··· EXCERPTED RECORDS
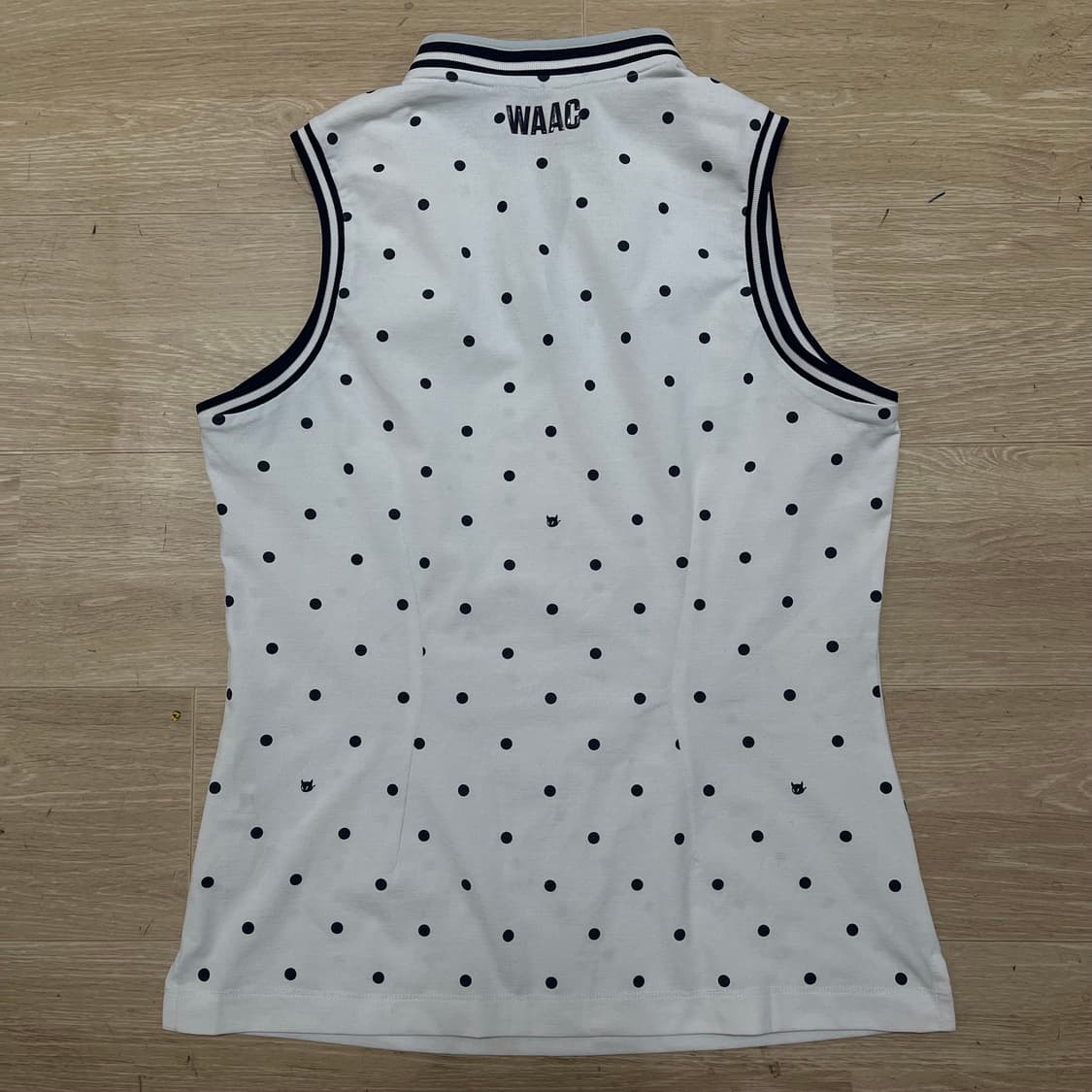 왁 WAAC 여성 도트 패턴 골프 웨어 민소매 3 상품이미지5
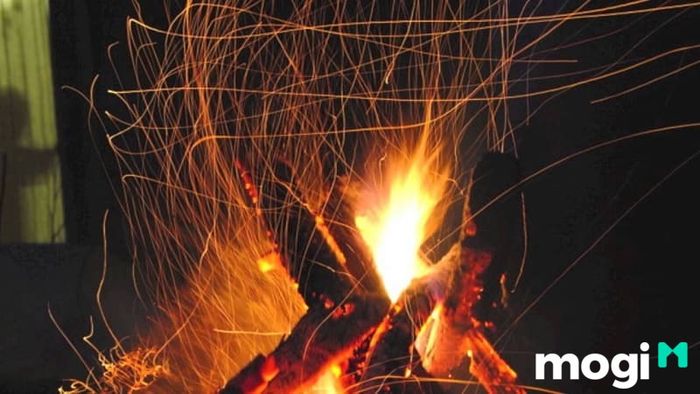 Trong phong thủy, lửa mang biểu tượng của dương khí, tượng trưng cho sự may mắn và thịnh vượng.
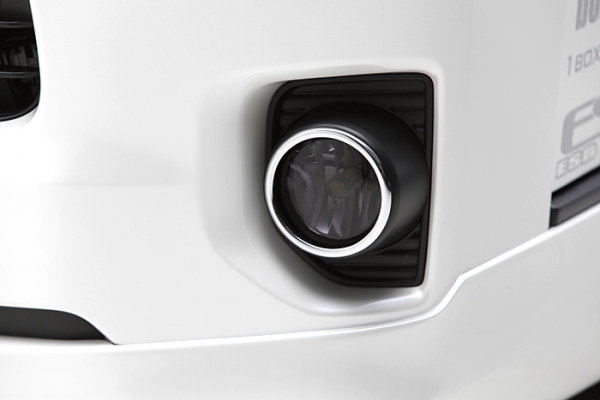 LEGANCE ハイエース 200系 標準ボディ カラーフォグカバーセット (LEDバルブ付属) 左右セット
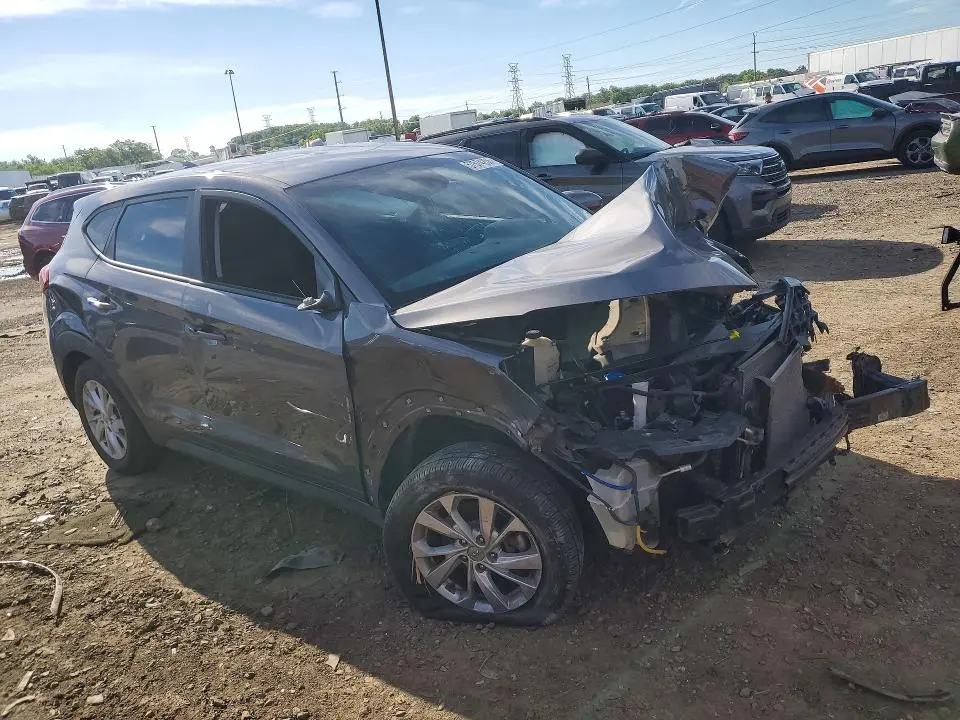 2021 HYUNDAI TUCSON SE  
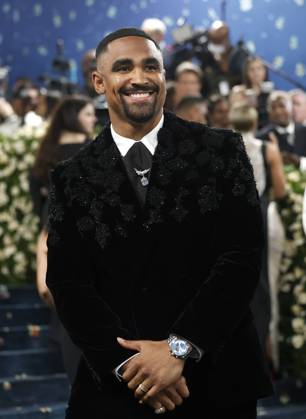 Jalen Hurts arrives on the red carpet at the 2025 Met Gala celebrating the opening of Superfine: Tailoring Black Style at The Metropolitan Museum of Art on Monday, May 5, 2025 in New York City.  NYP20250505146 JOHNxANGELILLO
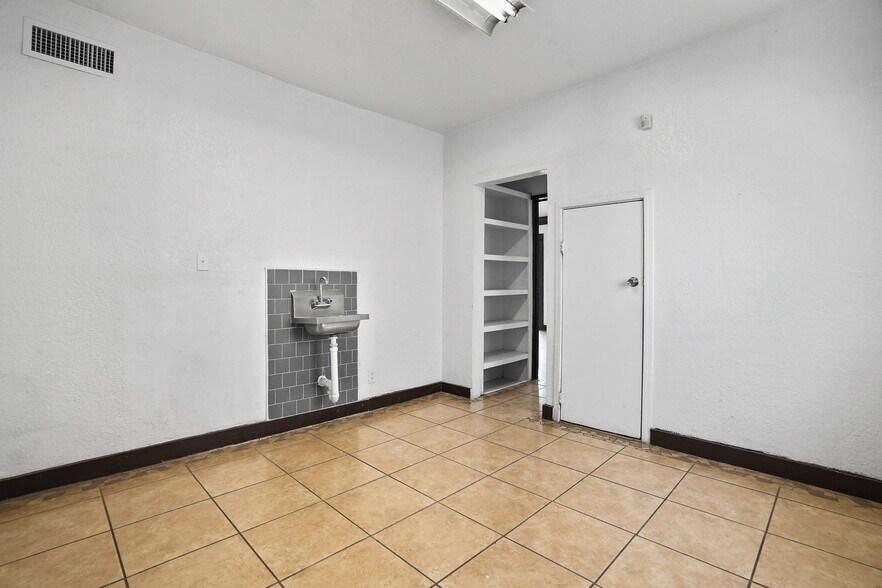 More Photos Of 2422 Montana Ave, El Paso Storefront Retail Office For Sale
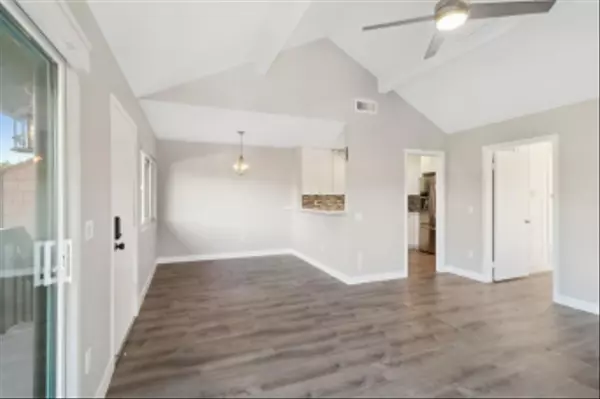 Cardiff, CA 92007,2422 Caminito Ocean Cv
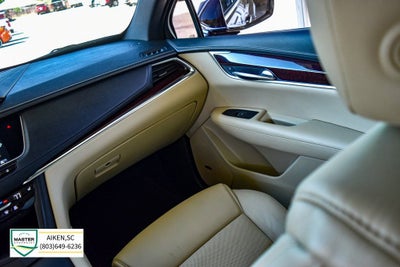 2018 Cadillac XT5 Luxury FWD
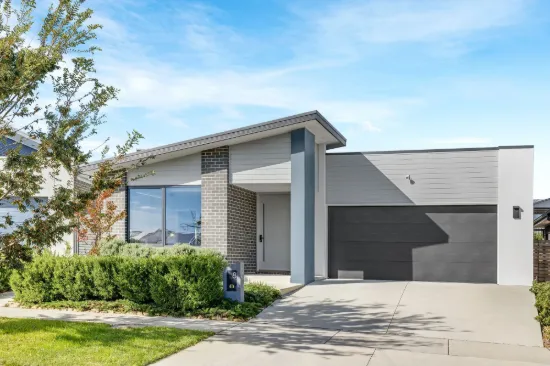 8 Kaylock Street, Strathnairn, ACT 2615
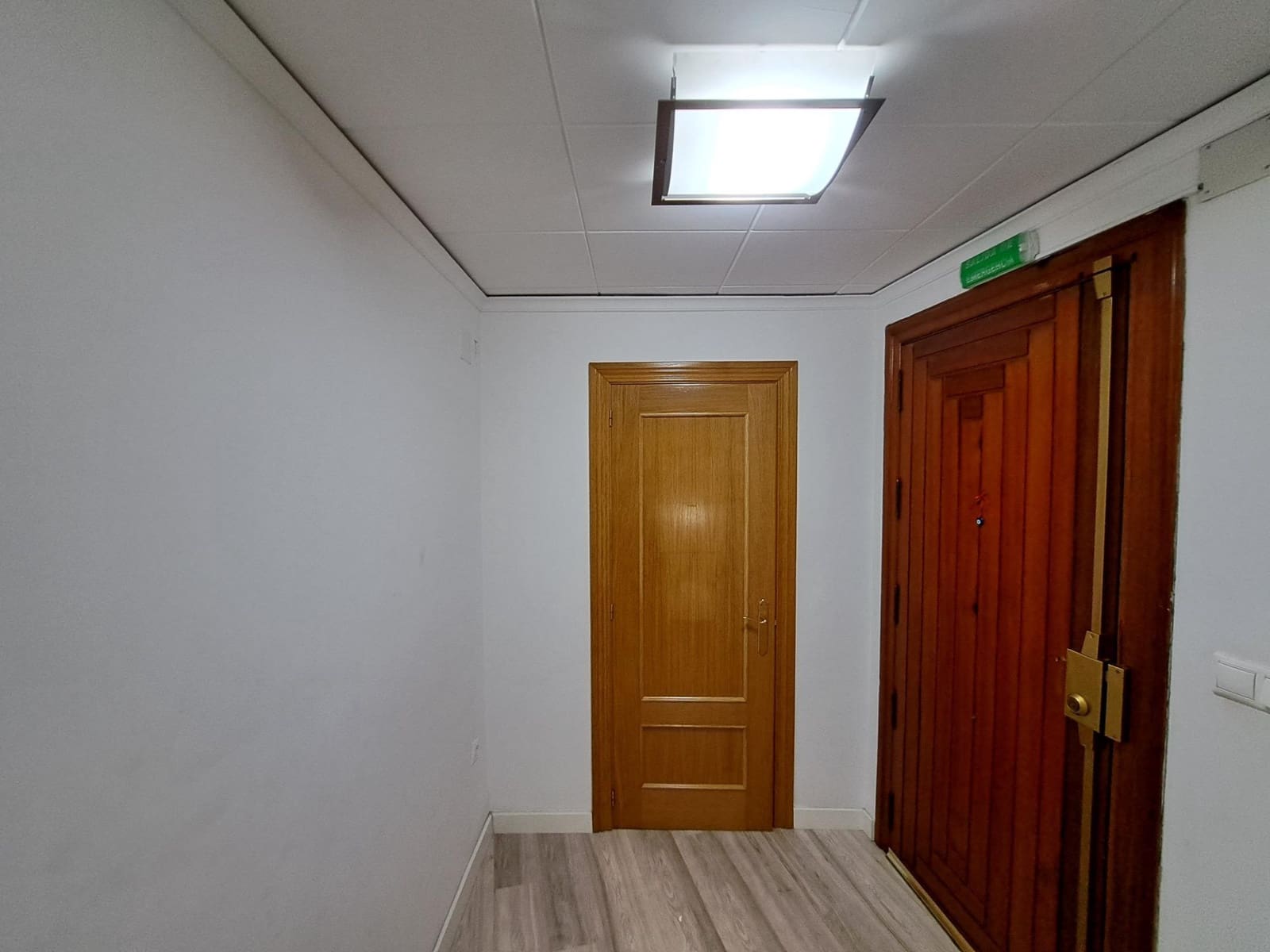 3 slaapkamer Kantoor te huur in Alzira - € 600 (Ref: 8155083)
······
_WHAT THE EXERCISE ASKS:_ Excluding the pictures, retype the line containing "More Photos Of" and all lines after it down to the end of the data above.

_EXERCISE RESPONSE:_
 More Photos Of 2422 Montana Ave, El Paso Storefront Retail Office For Sale
 Cardiff, CA 92007,2422 Caminito Ocean Cv
 2018 Cadillac XT5 Luxury FWD
 8 Kaylock Street, Strathnairn, ACT 2615
 3 slaapkamer Kantoor te huur in Alzira - € 600 (Ref: 8155083)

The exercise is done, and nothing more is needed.